Nous sommes là dans une optique de rationalisation et de réduction des coûts, et nous perdons de vue, parfois, certains principes essentiels… D’ailleurs, l’idée de créer cette annexe émane du ministère de l’Intérieur et non du ministère de la Justice.

AP : Que pensez-vous des juristes d’entreprise ?

J. B. : Avocat et juriste d’entreprise sont deux métiers distincts, avec deux statuts différents. Par nature, l’avocat doit être indépendant vis-à-vis de son client. Le secret professionnel assure la confidentialité des informations transmises par son client. Le juriste d’entreprise est salarié, ce qui crée un lien de subordination et ne permet pas d’être vraiment indépendant. L’avocat est un artisan du droit et ne peut exercer qu’en profession libérale.

AP : Est-ce que vous avez actuellement des priorités d’action en tant que bâtonnier, et que vous a apporté cette période de bâtonnat ?

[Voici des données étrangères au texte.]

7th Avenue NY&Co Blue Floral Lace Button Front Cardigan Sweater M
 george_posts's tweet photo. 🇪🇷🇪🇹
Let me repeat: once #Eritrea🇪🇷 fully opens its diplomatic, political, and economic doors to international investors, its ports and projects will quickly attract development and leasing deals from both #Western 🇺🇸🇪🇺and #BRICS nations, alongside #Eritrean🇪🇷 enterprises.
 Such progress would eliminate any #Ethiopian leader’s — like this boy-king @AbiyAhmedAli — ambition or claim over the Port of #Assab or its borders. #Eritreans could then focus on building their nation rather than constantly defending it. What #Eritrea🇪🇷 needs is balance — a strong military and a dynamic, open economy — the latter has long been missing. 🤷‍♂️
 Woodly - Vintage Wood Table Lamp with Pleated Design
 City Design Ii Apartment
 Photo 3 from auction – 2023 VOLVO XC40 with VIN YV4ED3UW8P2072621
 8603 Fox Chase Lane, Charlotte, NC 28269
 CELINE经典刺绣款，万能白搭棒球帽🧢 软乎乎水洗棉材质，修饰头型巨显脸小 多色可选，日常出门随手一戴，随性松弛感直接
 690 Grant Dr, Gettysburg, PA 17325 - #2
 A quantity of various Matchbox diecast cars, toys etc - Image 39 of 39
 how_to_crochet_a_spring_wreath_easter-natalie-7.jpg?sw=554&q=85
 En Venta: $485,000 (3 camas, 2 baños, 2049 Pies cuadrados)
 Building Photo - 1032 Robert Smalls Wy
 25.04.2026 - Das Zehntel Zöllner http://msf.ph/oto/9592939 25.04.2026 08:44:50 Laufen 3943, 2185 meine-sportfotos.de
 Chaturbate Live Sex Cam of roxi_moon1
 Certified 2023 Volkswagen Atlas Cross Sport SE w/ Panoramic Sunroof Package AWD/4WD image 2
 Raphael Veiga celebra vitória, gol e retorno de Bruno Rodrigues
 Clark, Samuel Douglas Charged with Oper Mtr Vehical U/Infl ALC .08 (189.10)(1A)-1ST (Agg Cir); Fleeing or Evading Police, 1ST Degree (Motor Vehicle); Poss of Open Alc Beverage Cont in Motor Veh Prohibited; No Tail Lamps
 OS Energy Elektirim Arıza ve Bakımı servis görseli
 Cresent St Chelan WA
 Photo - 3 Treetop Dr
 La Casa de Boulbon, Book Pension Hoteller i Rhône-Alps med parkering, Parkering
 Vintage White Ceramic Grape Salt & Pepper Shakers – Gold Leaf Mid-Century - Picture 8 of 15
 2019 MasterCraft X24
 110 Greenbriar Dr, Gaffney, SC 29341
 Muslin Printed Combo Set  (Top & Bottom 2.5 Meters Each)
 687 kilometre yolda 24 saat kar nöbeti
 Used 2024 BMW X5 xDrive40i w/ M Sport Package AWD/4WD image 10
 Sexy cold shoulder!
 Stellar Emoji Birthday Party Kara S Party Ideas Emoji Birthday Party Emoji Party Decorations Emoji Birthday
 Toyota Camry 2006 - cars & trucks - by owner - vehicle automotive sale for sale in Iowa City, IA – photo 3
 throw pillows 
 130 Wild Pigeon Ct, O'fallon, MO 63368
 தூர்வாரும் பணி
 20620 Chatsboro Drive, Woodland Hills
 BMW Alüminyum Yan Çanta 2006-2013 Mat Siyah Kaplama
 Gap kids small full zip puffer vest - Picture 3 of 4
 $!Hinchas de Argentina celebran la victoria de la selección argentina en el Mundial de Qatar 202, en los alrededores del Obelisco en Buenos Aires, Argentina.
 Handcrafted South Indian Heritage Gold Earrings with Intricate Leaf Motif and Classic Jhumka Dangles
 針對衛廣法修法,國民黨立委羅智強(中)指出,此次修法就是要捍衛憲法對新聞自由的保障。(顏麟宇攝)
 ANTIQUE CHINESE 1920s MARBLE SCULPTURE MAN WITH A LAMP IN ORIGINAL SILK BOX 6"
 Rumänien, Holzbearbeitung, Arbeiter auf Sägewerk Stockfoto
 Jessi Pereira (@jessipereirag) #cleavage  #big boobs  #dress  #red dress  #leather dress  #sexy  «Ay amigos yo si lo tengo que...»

J. B. : Je n’ai plus vraiment de priorités car mon mandat est presque achevé. Ce que j’ai souhaité impulser durant ces deux années de bâtonnat, c’est davantage de transparence entre l’ordre et les confrères, y compris sur le plan financier, ainsi qu’une modernisation des outils de communication et la consolidation de relations franches et constructives avec nos différents partenaires judiciaires. J’ai également, par la mise en place de plusieurs partenariats, fait en sorte que notre barreau s’implique davantage dans la vie économique et sociale de notre ressort. La fonction de bâtonnier est très enrichissante humainement et professionnellement. J’espère avoir pu créer des liens de confiance avec mes confrères et ainsi mieux les connaître et les apprécier.

AP : Comment voyez-vous l’avenir de la profession ?

J. B. : Je trouve qu’elle n’a pas la place qu’elle devrait avoir et que nous souffrons d’un déficit d’image. Les justiciables ont souvent l’impression que nous courons après les honoraires, alors que ceux de l’immense majorité des confrères n’ont rien d’excessif et qu’on observe même une paupérisation de la profession. De nombreux confrères nous indiquent que leurs honoraires deviennent beaucoup plus difficiles à recouvrer. De plus, les difficultés économiques engendrées par la crise font qu’on hésite parfois à nous solliciter. Il faut que les justiciables comprennent et intègrent que notre profession est animée, de manière authentique, par le souci de défendre leurs intérêts, que ce soit dans la préparation de projets, l’anticipation de difficultés ou de risques, ou bien dans le cadre strict du contentieux judiciaire. Il n’y a donc aucune raison pour que notre profession ne trouve pas sa place, rayonnante et utile au sein de la Cité.